Apache Hadoop High Availability
Also available as:
PDF
loading table of contents...

Keeping Track of Logs

Each master cluster RegionServer has its own znode in the replication znodes hierarchy. It contains one znode per peer cluster. For example, if there are 5 slave clusters, 5 znodes are created, and each of these contain a queue of WALs to process. Each of these queues tracks the WALs created by that RegionServer, but they can differ in size. For example, if one slave cluster becomes unavailable for some time, the WALs should not be deleted. They need to stay in the queue while the others are processed. See RegionServer Failover for an example.

When a source is instantiated, it contains the current WAL that the RegionServer is writing to. During log rolling, the new file is added to the queue of each slave cluster znode just before it is made available. This ensures that all the sources are aware that a new log exists before the RegionServer is able to append edits into it. However, this operation is now more expensive. The queue items are discarded when the replication thread cannot read more entries from a file because it reached the end of the last block and there are other files in the queue. This means that if a source is up to date and replicates from the log that the RegionServer writes to, reading up to the end of the current file does not delete the item in the queue.

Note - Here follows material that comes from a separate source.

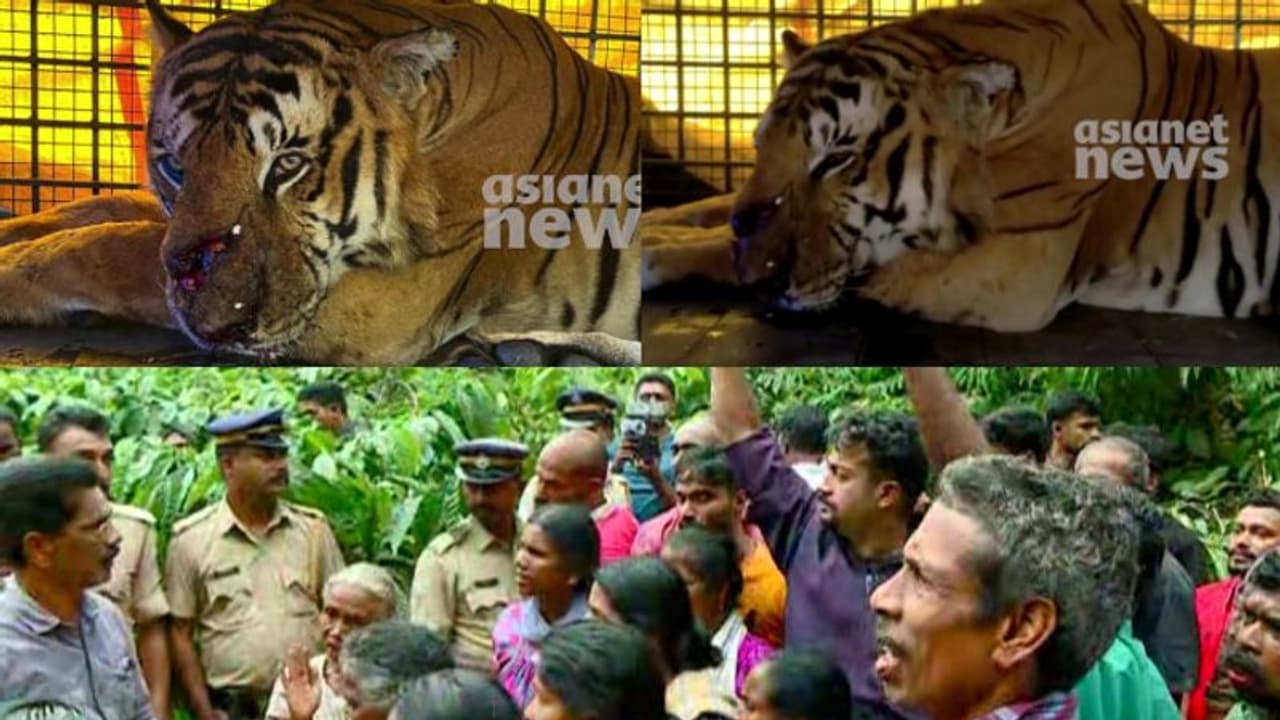 നരഭോജി കടുവയെ ബത്തേരിയിലെ മൃഗപരിപാലന കേന്ദ്രത്തിലേക്ക് മാറ്റി, ചികിത്സക്കുശേഷം തൃശ്ശൂര് മൃഗശാലയിലേക്കോ? നരഭോജി കടുവയെ ബത്തേരിയിലെ മൃഗപരിപാലന കേന്ദ്രത്തിലേക്ക് മാറ്റി, ചികിത്സക്കുശേഷം തൃശ്ശൂര് മൃഗശാലയിലേക്കോ?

A log can be archived if it is no longer used or if the number of logs exceeds the hbase.regionserver.maxlogs setting because the insertion rate is faster than regions are flushed. When a log is archived, the source threads are notified that the path for that log changed. If a particular source has already finished with an archived log, it ignores the message. If the log is in the queue, the path is updated in memory. If the log is currently being replicated, the change is done atomically so that the reader does not attempt to open the file when it has already been moved. Because moving a file is a NameNode operation, if the reader is currently reading the log, it does not generate an exception.